_What you should do:_ Take the line that holds "Tea Bush (Camellia sinensis)" and every line after it to the end of the entries, and repeat them exactly without the pictures.

+ + + +

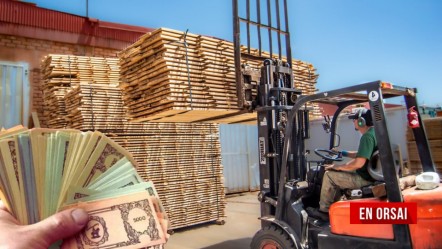 Corrientes al l&iacute;mite: empresas pagan salarios con vales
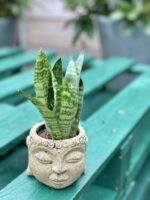 Zdjęcie doniczki lub oslonki: Osłonka Buddha 6x7&nbsp;cm, ujęcie 3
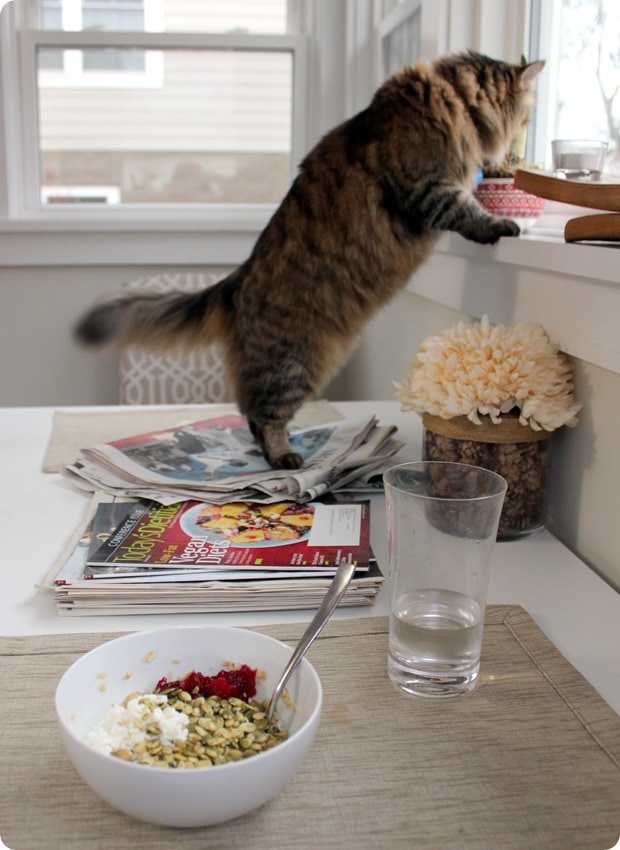 cat on breakfast atble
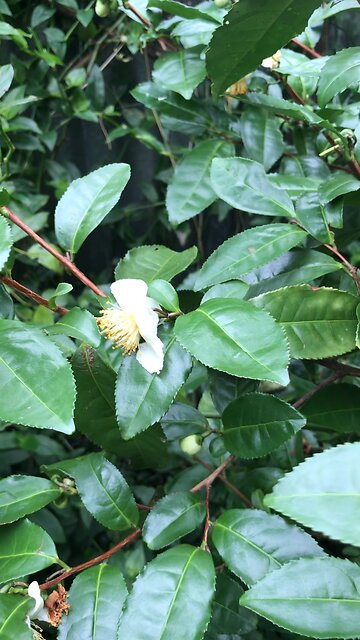 Tea Bush (Camellia sinensis)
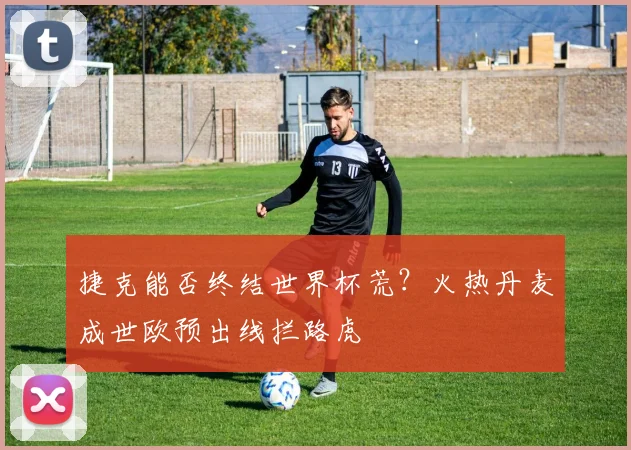 捷克能否终结世界杯荒？火热丹麦成世欧预出线拦路虎
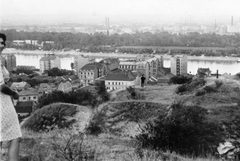 Magyarország, Budapest II., látkép a Rózsadombról a Margit-sziget felé nézve., 1943, Saly Noémi, Budapest, Fortepan #14985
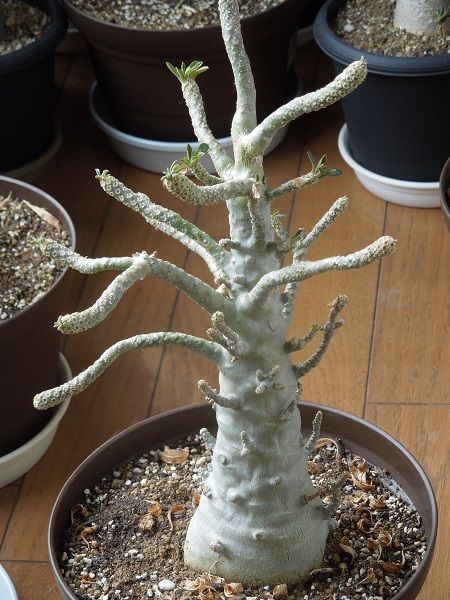 ドルステニアギガス | 小平太1098のブログ - 楽天ブログ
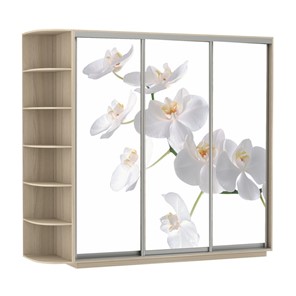 Шкаф Экспресс со стеллажом, 2100х600х2200, Орхидея белая/шимо светлый в Алматы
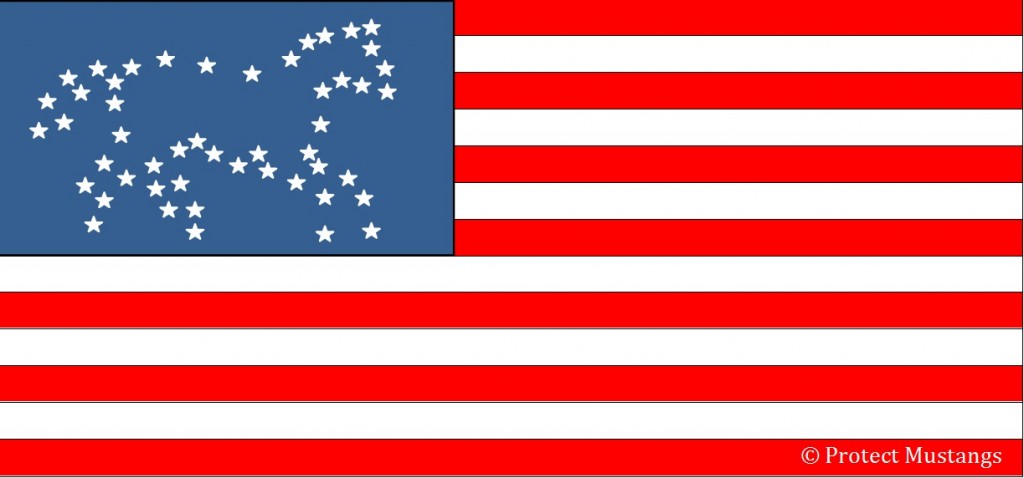 PM mustang flag with stars by Robin Warren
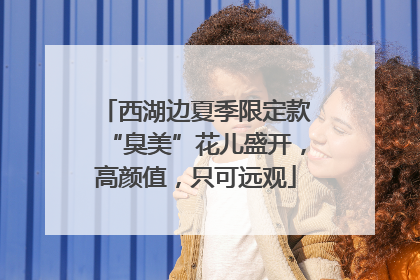 西湖边夏季限定款“臭美”花儿盛开，高颜值，只可远观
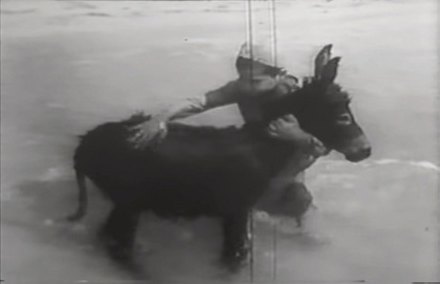 Still from Bim, the Little Donkey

+ + + +

_Output of the exercise:_
 Tea Bush (Camellia sinensis)
 捷克能否终结世界杯荒？火热丹麦成世欧预出线拦路虎
 Magyarország, Budapest II., látkép a Rózsadombról a Margit-sziget felé nézve., 1943, Saly Noémi, Budapest, Fortepan #14985
 ドルステニアギガス | 小平太1098のブログ - 楽天ブログ
 Шкаф Экспресс со стеллажом, 2100х600х2200, Орхидея белая/шимо светлый в Алматы
 PM mustang flag with stars by Robin Warren
 西湖边夏季限定款“臭美”花儿盛开，高颜值，只可远观
 Still from Bim, the Little Donkey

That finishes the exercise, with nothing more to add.